Would you please retype, exactly, the lines of the listing below between the line with "Zegarek Bering Ultra" and the line with "Sparks fly from", inclusive?

MATERIAL TO PROCESS:
►

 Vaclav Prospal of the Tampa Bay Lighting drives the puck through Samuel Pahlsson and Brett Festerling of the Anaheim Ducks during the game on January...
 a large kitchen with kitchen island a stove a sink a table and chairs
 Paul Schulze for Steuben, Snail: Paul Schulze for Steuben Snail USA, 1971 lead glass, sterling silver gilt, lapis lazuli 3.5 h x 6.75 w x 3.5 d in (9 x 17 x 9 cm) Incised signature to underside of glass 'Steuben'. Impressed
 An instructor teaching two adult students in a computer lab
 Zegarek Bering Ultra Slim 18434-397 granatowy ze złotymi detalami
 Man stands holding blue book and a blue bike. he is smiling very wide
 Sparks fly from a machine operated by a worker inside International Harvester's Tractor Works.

◄
►

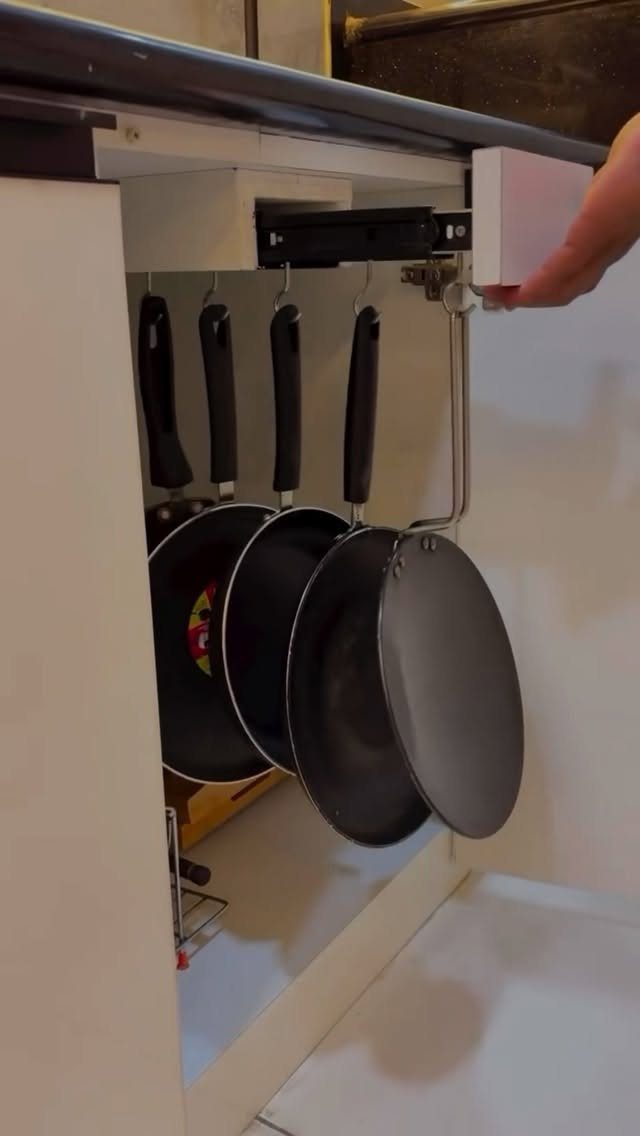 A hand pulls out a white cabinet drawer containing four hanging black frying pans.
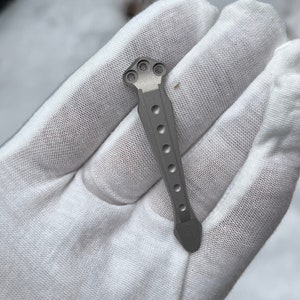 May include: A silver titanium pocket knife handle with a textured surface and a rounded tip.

◄

EXERCISE SOLUTION:
 Zegarek Bering Ultra Slim 18434-397 granatowy ze złotymi detalami
 Man stands holding blue book and a blue bike. he is smiling very wide
 Sparks fly from a machine operated by a worker inside International Harvester's Tractor Works.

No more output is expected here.